Na missiva, os eurodeputados socialistas censuram as decisões "unilaterais" e, a seu ver, injustificadas adotadas pelo Governo italiano, e respaldadas por um total de 22 Estados membros, ao ativar restrições fronteiriças após a eclosão da crise.

Os social-democratas lembram igualmente que Ceuta fica fora do espaço europeu de livre circulação, pelo que questionam a reintrodução de controles internos quando, segundo sublinham, a própria Comissão reconheceu que "ninguém chegou à península nem ao resto da UE" e um documento assinado por 22 Estados membros admite a inexistência de movimentos secundários irregulares.

"Lembrou que Ceuta não faz parte do espaço Schengen. Se estes são os fatos, sobre quais fundamentos objetivos se justificou o restabelecimento dos controles nas fronteiras internas? O Código de Fronteiras de Schengen apenas permite tais medidas quando existe uma ameaça grave à ordem pública ou à segurança interna, e unicamente de acordo com os princípios de necessidade, proporcionalidade e caráter temporário", criticaram em um comunicado publicado em suas redes sociais.

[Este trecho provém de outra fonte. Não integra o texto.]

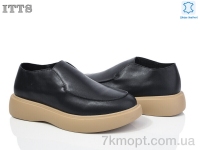 Купить Туфли Туфли ITTS AA309B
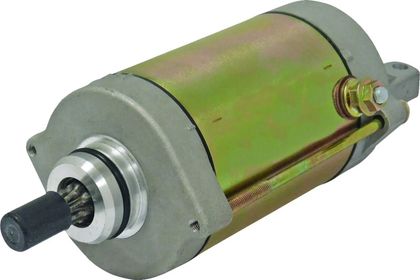 A-Style 21101252 Starter Ref: AS00747A / 21101252 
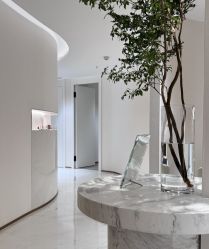 -恒美雅轩·品牌直营连锁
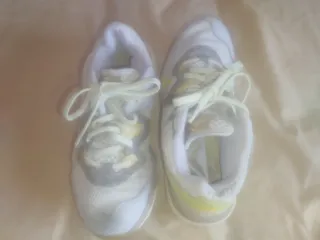 Nike Juniper Trail Zapatillas Trail Running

O grupo social-democrata, no qual se integra o Partido Socialista espanhol, lamenta também a ausência de apoio a Madrid e denuncia que, enquanto a Espanha mostrou solidariedade em crises anteriores —como a realocação de migrantes da Bielorrússia em 2021 ou de Lampedusa em 2023—, agora "se encontra no banco dos réus" pela atuação de governos que, segundo afirmam, optam pela confrontação em vez da responsabilidade compartilhada.

"Portanto, pedimos à Comissão que esclareça se realmente foram cumpridas essas condições jurídicas e, em caso contrário, que exerça plenamente sua função de guardiã dos Tratados. Este caso levanta uma questão mais ampla: O que aconteceu com a Europa que uma vez conhecemos?", acusaram, aludindo à decisão da Itália sob o guarda-chuva de Bruxelas.

No final da carta, os eurodeputados contrapõem a abordagem institucional do presidente do Governo espanhol, Pedro Sánchez, com os discursos que fomentam o ódio, e apontam expressamente o empresário Elon Musk por difundir imagens que desumanizam as pessoas migrantes ao representá-las como "zumbis".

"A política deve governar os desafios, não alimentar o medo", concluíram os eurodeputados, que esperam uma clarificação pública e rápida por parte da Comissão.